La loi de régulation foncière sera examinée le 5 novembre prochain par les sénateurs. Son objet est un meilleur contrôle des cessions de terres via des part sociétaires… pour éviter leur accaparement, éventuellement par des sociétés étrangères. Le point avec le sénateur Olivier Rietmann, rapporteur de la proposition de loi.

Le 26 mai 2021 l’Assemblée nationale votait un texte parlementaire présenté par le député des Hautes-Pyrénées, Jean-Bernard Sempastous. L’essentiel de sa proposition de loi visait à faire valider par les préfets le transfert des terres par la mécanique de la cession des parts sociales, qui échappait jusqu’à maintenant aux contrôles.

Quels sont le contexte et les enjeux de cette loi de régulation foncière ?

Olivier Rietmann, sénateur de Haute-Saône et rapporteur de la proposition de loi : le candidat Macron avait promis une grande loi foncière, qui n’a pas été réalisée… et c’est donc un texte ‘’a minima’’, qui ne porte que sur le contrôle des structures sociétaires qui est proposé par la majorité présidentielle. Il sera examiné au Sénat le 3 novembre en séance publique. En arrière-plan, l’achat de 2 600 ha par un investisseur chinois avait mis en évidence la nécessité de davantage encadrer les transactions sociétaires, face au risque d’accaparement des terres agricoles. D’autant plus que les exploitations agricoles sont désormais de plus en plus sociétaires : GAEC, EARL, SCEA…

Que contient concrètement cette proposition de loi ?

Pour répondre au double objectif de faciliter l’installation de jeunes agriculteurs et la transmission des exploitations et d’éviter l’accaparement ou de concentration excessive des terres, la loi introduit un système de contrôle. Une procédure d’autorisation de cessions de parts de société sera enclenchée en cas de projet portant à la fois sur plus de 40% des parts et de surface d’exploitation supérieure à un certain seuil, défini selon les départements et les productions. Elle prévoit que la SAFER montera alors un dossier d’instruction, destiné au préfet de région, qui rendra un avis, positif, négatif ou conditionnel, avec par exemple une contrepartie portant sur l’obligation de libérer un pourcentage des terres concernées par la transaction pour conforter une exploitation existante ou installer un JA.

Dans quel esprit avez-vous travaillé pour amender cette proposition de loi ?

Nous avons voulu trouver un équilibre entre tous les acteurs. Pour conserver une agriculture familiale, mais sans se priver pour autant de capitaux extérieurs. Il ne faut pas que cette loi paralyse le marché foncier… La première proposition, c’est que la décision soit prise par le préfet de département, plus à même de prendre en compte les réalités locales.

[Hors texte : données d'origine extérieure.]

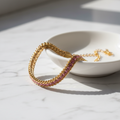 Pink Crystal Gold Bracelet - Realistic Flat Lay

La deuxième, c’est de retirer à la Safer la possibilité d’acquérir les terres en question, pour qu’elle ne soit pas à la fois juge et partie dans ces dossiers. L’idée est de garantir que les SAFER travaillent de manière transparente et sans conflits d’intérêts éventuels.

Nous avons aussi souhaité donner davantage de souplesse au niveau du seuil de déclenchement qui sera fixé par le schéma départemental des structures – initialement de 1 à 3 fois la surface agricole utile régionale moyenne (SAURM) – à quatre fois cette SAURM, ce qui nous paraît plus en adéquation avec la réalité du marché foncier.

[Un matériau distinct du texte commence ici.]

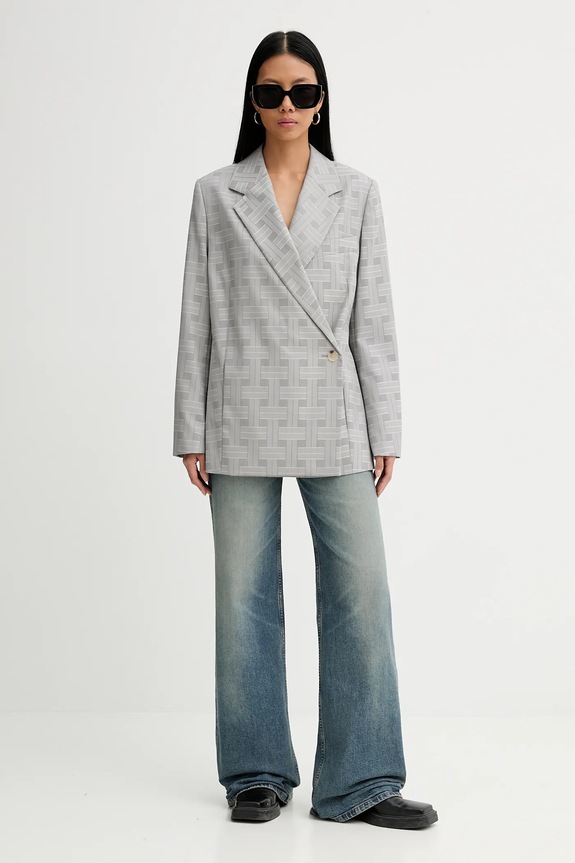Kenzo geacă de lână FF52VE2589JW.93 gri SS25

Enfin, nous avons aussi introduit des exceptions à ce dispositif : si c’est un parent jusqu’au 4ème degré qui est acquéreur, ou bien le conjoint ou le partenaire de PACS, un associé de l’exploitation depuis 9 ans ou encore un salarié ou un apprenti depuis trois ans. Enfin nous avons voulu supprimer l’article concernant les sociétés foncières, article qui dans les faits ne concernait que la foncière Terre de liens, et allait contre le principe d’universalité de la loi. Nous introduisons également la notion de montant forfaitaire à acquitter par le vendeur et l’acquéreur, pour compenser les charges liées à l’instruction du dossier. Et pour terminer, nous souhaitons que ce dispositif soit réévalué dans les trois ans après son entrée en application, afin d’être en mesure d’y apporter d’éventuels ajustements, si nécessaire.